Paul Ryan Is Not Running for President Because He Knows His Party Is Falling Off a Cliff

"Wait, Trump said what?"

“Wait, Trump said what?”

Today, House Speaker Paul Ryan is supposedly going to make an announcement that he’s formally ruling out a presidential run in 2016. Ryan has made this same denial in the past, but as Donald Trump’s delegate numbers flag below the necessary 1,237 votes to get nominated on the first try at the Republican National Convention, Ryan’s name keeps getting floated as a possible last-minute nomination. There is a recent historical precedent for this kind of move; Ryan, you’ll remember, didn’t even run for his current position of House Speaker; it was basically handed to him once John Boehner quit and every other Republican who aspired to the Speaker position turned out to be terrible. 

Why Ryan, though? Why do Republicans enthusiastically nominate Paul Ryan for every single job from Vice President to Speaker to President? Well, he’s young for a nationally known politician. He’s from Wisconsin, so he doesn’t carry any of the stigma that, say, a Texas politician does. And as we all know from 2012, he’s very into physical fitness.

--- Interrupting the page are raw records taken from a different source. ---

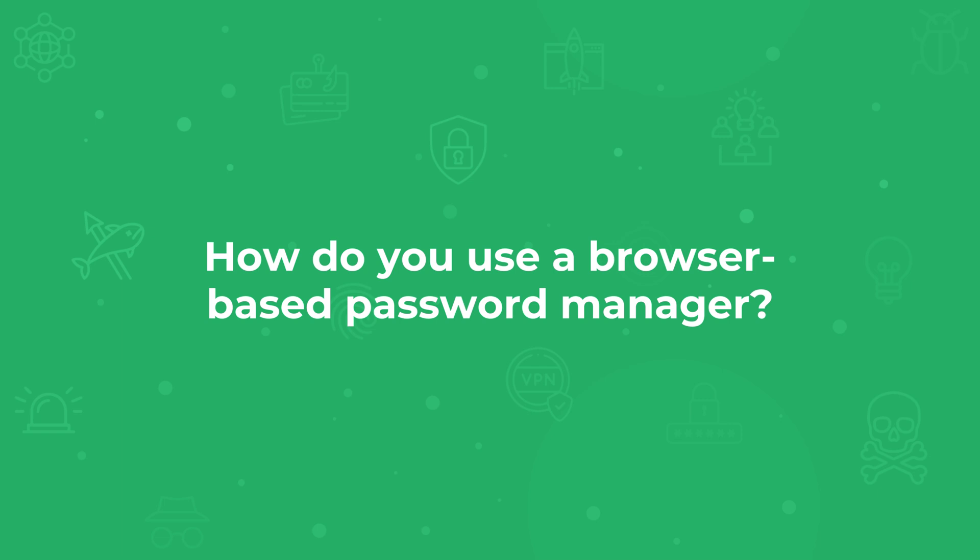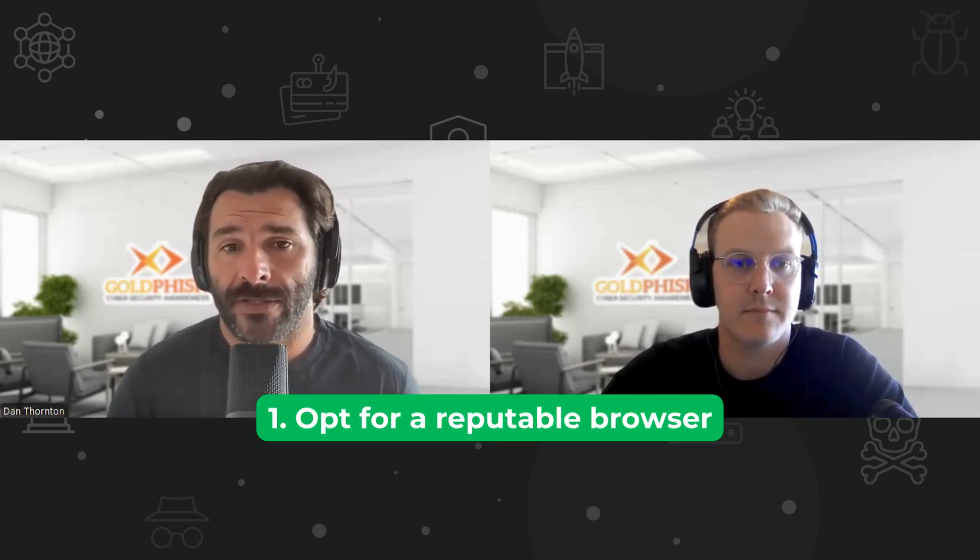Here's how to implement browser password saving safely. First, opt for reputable browsers known for their security — think Chrome, Firefox, Edge, Safari. Second, create a master passphrase that's super strong, memorable, and unguessable for your password management system. Third, enable multi-factor authentication on your browser so that nobody can get into it without your permission.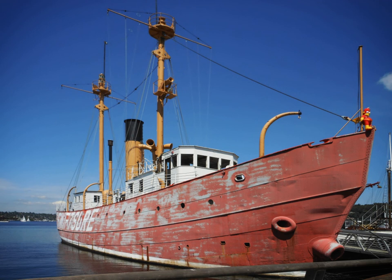Light Vessel No. 83 is a lightship and museum ship owned by Northwest Seaport in Seattle, Washington. Launched in 1904 at Camden, New Jersey and in active service until 1960 after serving on all five of the American West Coast's lightship stations, it is the oldest surviving lightship in the United States, the only one still fitted with its original steam engine, and the last lightship with wooden decks. LV-83 was designated a National Historic Landmark in 1989 and has been undergoing major restoration since 2008.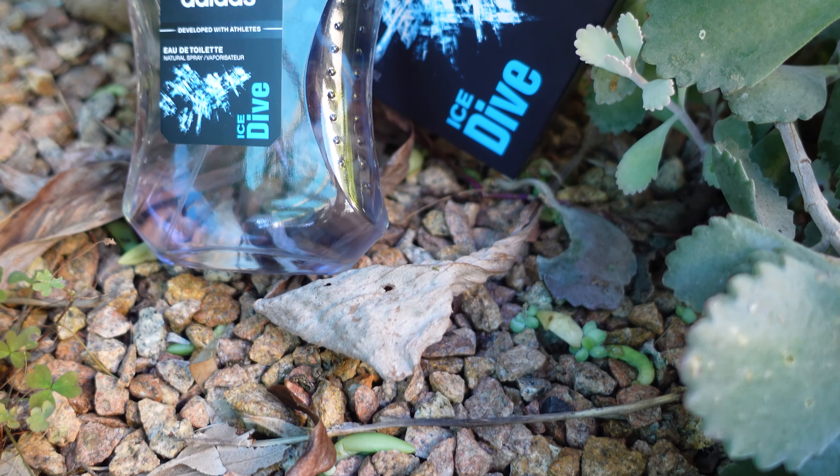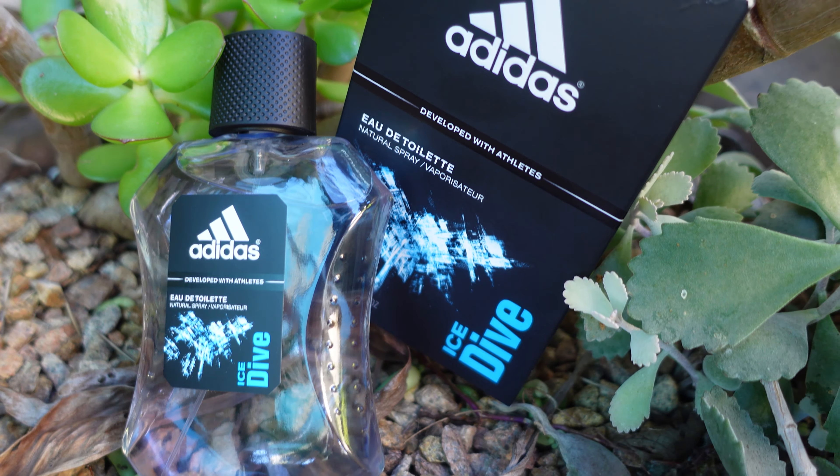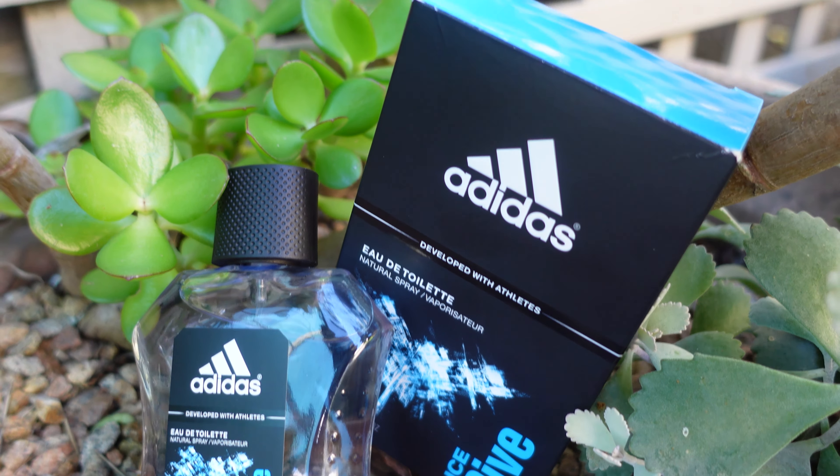It doesn't smell like Davidoff's Cool Water, but I do get a slight Cool Water vibe from this, which sort of makes sense given that it's called Ice Dive — that sort of sounds similar. But for what you pay for, you've got a pretty decent basic fragrance, and that's coming from somebody that doesn't generally like freshies or things like that.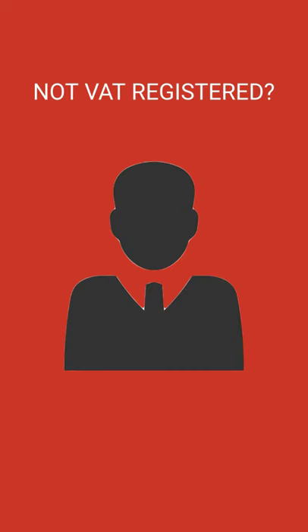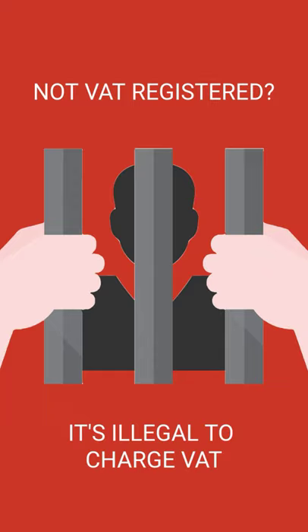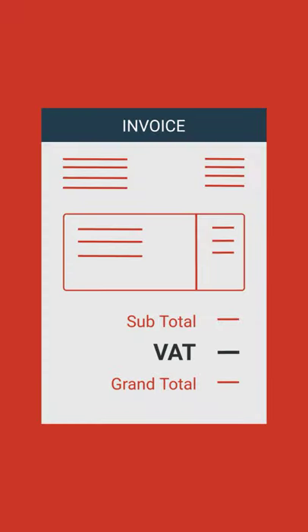It's illegal to charge VAT if you're not VAT registered, but if you are, you must charge it on all eligible products and services that you sell. To charge VAT, simply add an extra fee to each sale to cover the percentage of VAT that applies.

It seems pretty clear that Ryan is not the most likable or charismatic guy. He didn’t provide any lift to the 2012 Romney ticket. But he does like to promote himself as the brains of the Republican Party. And he likes to present his budgets as thoughtful documents that mark a way forward for the party and the nation. Since far-right congressional Republicans don’t like Ryan’s budget, surely they must be sensible and bipartisan, right?

Not so much. In 2014, Ryan’s budget, if passed, would have privatized Medicare. His 2015 budget was full of the typical far-right folderol: repealing Obamacare, cutting funding for humanities and PBS, adding all sorts of new restrictions to social programs.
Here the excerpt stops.